Oh really? Australia, 1862:

[http://trove.nla.gov.au/ndp/del/article/115763711?searchTerm...](http://trove.nla.gov.au/ndp/del/article/115763711?searchTerm=No%20irish&searchLimits=l-australian=y)

------
bane
Here's what the signs look like for those interested, most appear to be from
London.

[https://encrypted.google.com/search?q=%22no+irish%22+window+...](https://encrypted.google.com/search?q=%22no+irish%22+window+sign&hl=en&source=lnms&tbm=isch&sa=X&ved=0CAcQ_AUoAWoVChMIlO-
ynJeIxwIVQRo-Ch11AAx4&biw=1680&bih=965)

Here's a reddit thread on the issue

[https://np.reddit.com/r/badhistory/comments/3erkxv/nina_no_i...](https://np.reddit.com/r/badhistory/comments/3erkxv/nina_no_irish_need_apply_emeritus_professor/?sort=confidence)

------
kjs3
I've met a certain subculture of racists who like to point to articles like
this and say things like "well since there were never NINA signs,
discrimination against blacks couldn't have been as bad as it was". Reading
Jensen you can see how he's a kindred spirit of such people.

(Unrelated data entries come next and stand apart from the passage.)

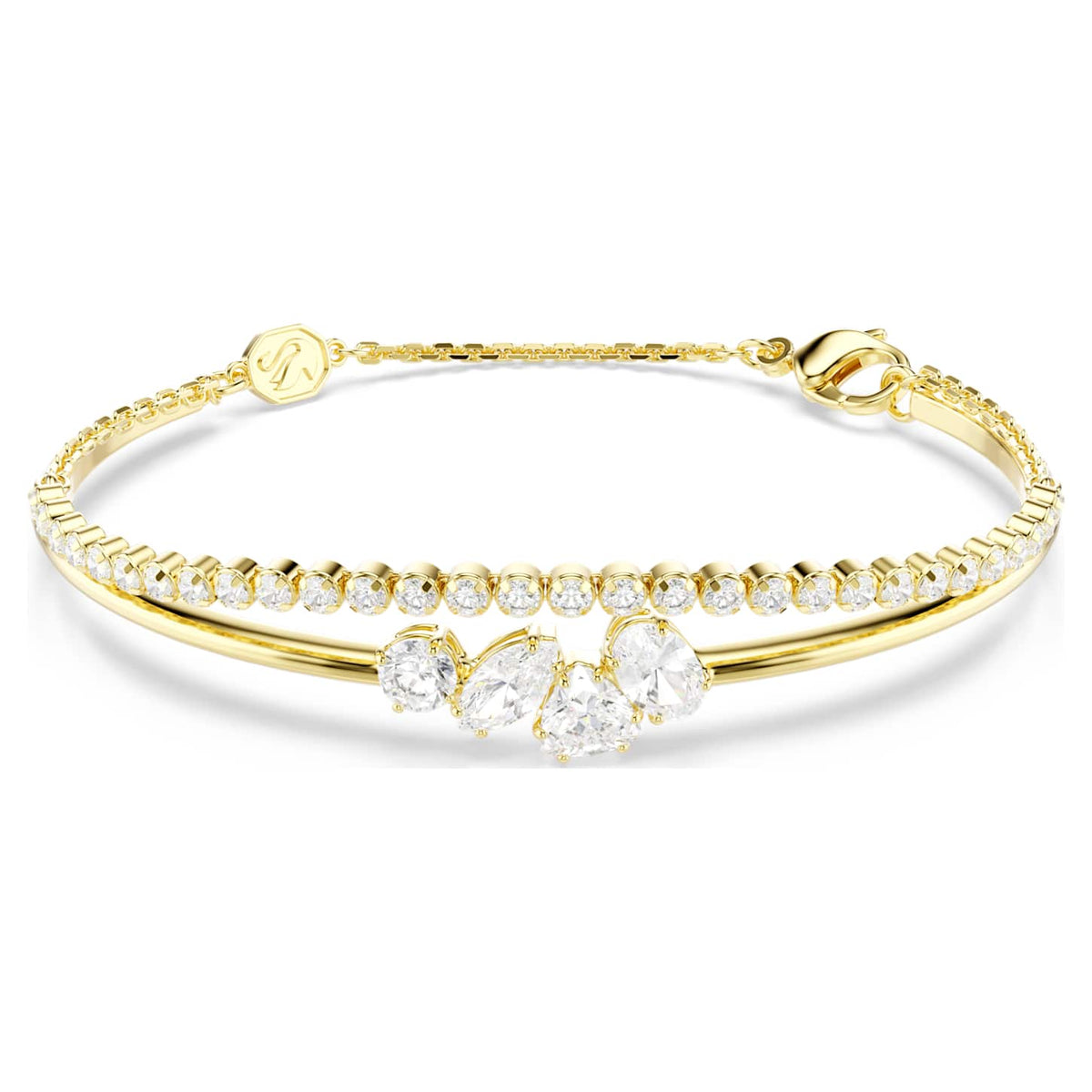Swarovski Braccialetto Mesmera, Taglio misto, Bianco, Finitura oro 18K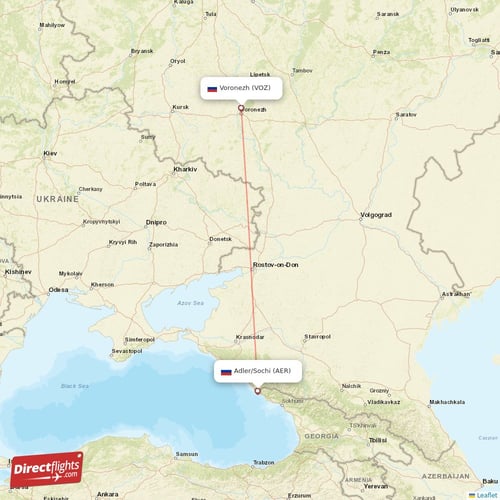 Adler/Sochi - Voronezh direct flight map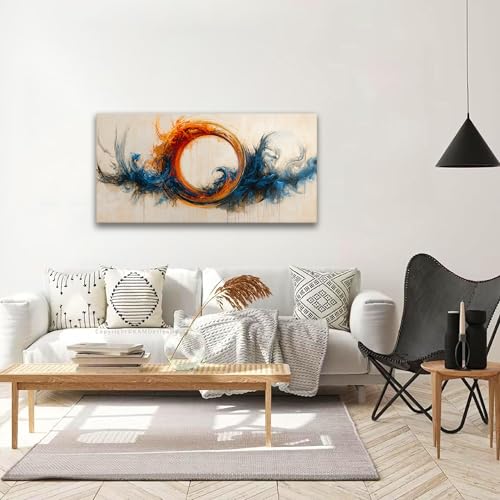 Abstract Wall Art Decor 20"x40" Circle Vortex Red Blue Wall Art For Bedroom - color: IU1E, size: 40"L x 20"W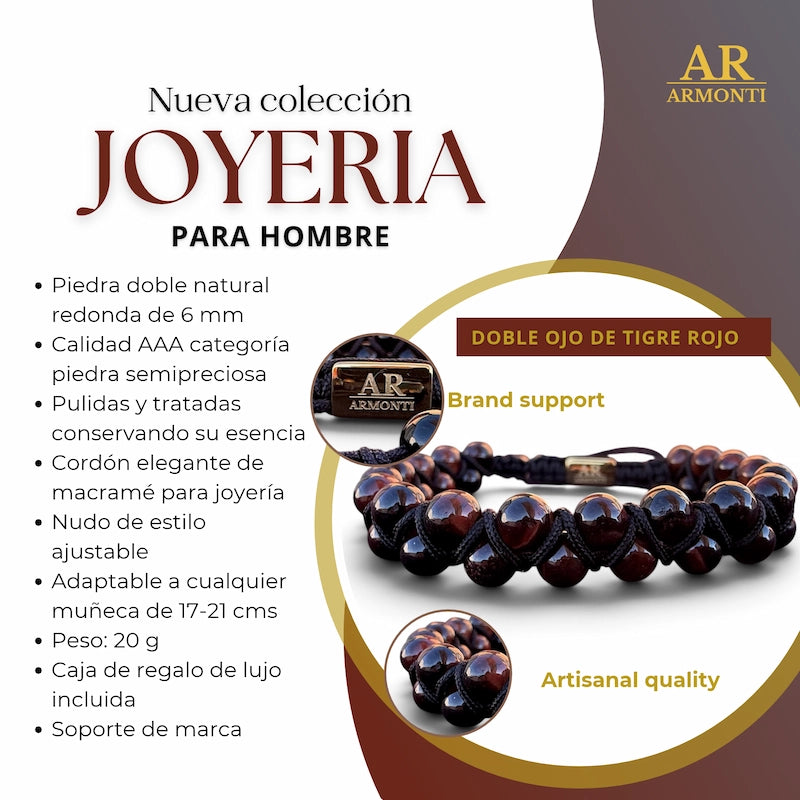 Pulsera de piedra natural ojo de tigre rojo doble 6mm oro 18k para Hombre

It's apparent he
started out with "I think the Irish were lazy, violent and anti-American who
need victim-hood to maintain their identity" and set to work to prove it.

------
bruceb
The myth of bad treatment of returning Vietnam vets is something you see in
the movies but apparently didn't really happen much:
[http://www.slate.com/articles/news_and_politics/press_box/20...](http://www.slate.com/articles/news_and_politics/press_box/2007/01/newsweek_throws_the_spitter.html)